Als professioneller Beobachter des Börsengeschehens lassen wir es uns nicht nehmen 1-2 Mal im Jahr auch eine sogenannte Hauptversammlung zu besuchen.
Vom Ansatz her kann man das vergleichen mit der jährlichen Generalversammlung des örtlichen Sport- bzw. Gesangsvereins.
Der Vorstand legt Rechenschaft ab, wie die Geschäfte laufen und die Mitglieder (in diesem Fall die Aktionäre) segnen in der Regel alle Vorschläge ab. Damit die ganze Veranstaltung nicht zu harmonisch abläuft, sorgen manchmal ein paar Berufsnörgler und Selbstdarsteller mit kritischen Fragen oder lustigen Kommentaren dafür, dass die Beteiligten bei der ganzen Veranstaltung nicht einschlafen und am Ende der Veranstaltung haben sich alle lieb und es geht ans Büffet bzw. an die Tränke.
So lief es wohl auch jahrelang beim (einstmals) profitabelsten Autohersteller der Welt, der Porsche AG in Stuttgart ab.
Dann kam man im Jahr 2005 auf die Idee den Volkswagen-Konzern zu übernehmen, um u.a. Zugriff auf dessen Barreserven in 11-stelliger Höhe (> 10 Milliarden €) zu bekommen.

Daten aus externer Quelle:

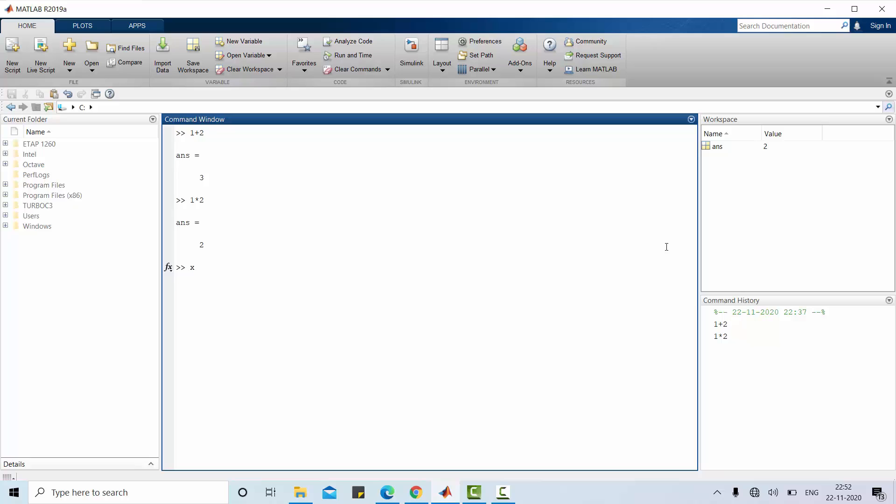Now, we can also use some variable name. We may get the result. Now, x has the value of 5. That result will be stored in workspace. And also this command line is stored in command history. Overwriting a variable is also allowed in MATLAB. See this command x equal to x plus 5. Already x value is 5. Now, I am adding 5 with that. The result is 10. Updated x value is available here.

Dies geschah mit Hilfe einer bis Mitte letzten Jahres von allen Experten als genial eingeschätzten Strategie, nämlich nicht direkt VW-Aktien zu kaufen, sondern sich über Optionen (die nur einen Bruchteil des Kapitaleinsatzes erfordern) Zugriff auf VW-Aktien zu sichern.
Durch eine geschickte Informationspolitik und immer wieder gezielt gestreute Gerüchte wurde der Kurs der VW-Aktie so künstlich nach oben getrieben und bescherte den Porsche Aktionären in den Jahren 2006-2008 satte Gewinne und dem seinerzeitigen Vorstand, der einen ebenso genialen Vertrag für sich ausgehandelt hatte, einen Bonus von über 100 Mio €, was ihn zum bestbezahltesten Manager der Republik aufsteigen ließ.
Doch dann passierte etwas, was bis heute eigentlich niemand so richtig verstanden hat. Einer der Hauptaktionäre von Porsche (gleichzeitig auch Aufsichtsratsvorsitzender von VW) zweifelt im vergangenen Frühjahr öffentlich an der Kreditwürdigkeit von Porsche und bekennt bei der ganzen Transaktion den Überblick verloren zu haben. Dieser Paukenschlag führt dazu, dass die Banken, die die Übernahme finanzieren sollten, nervös werden und VW wie in einem klassischen Boxkampf seinerseits zum Gegenschlag ausholt und die wankende Porsche AG übernimmt.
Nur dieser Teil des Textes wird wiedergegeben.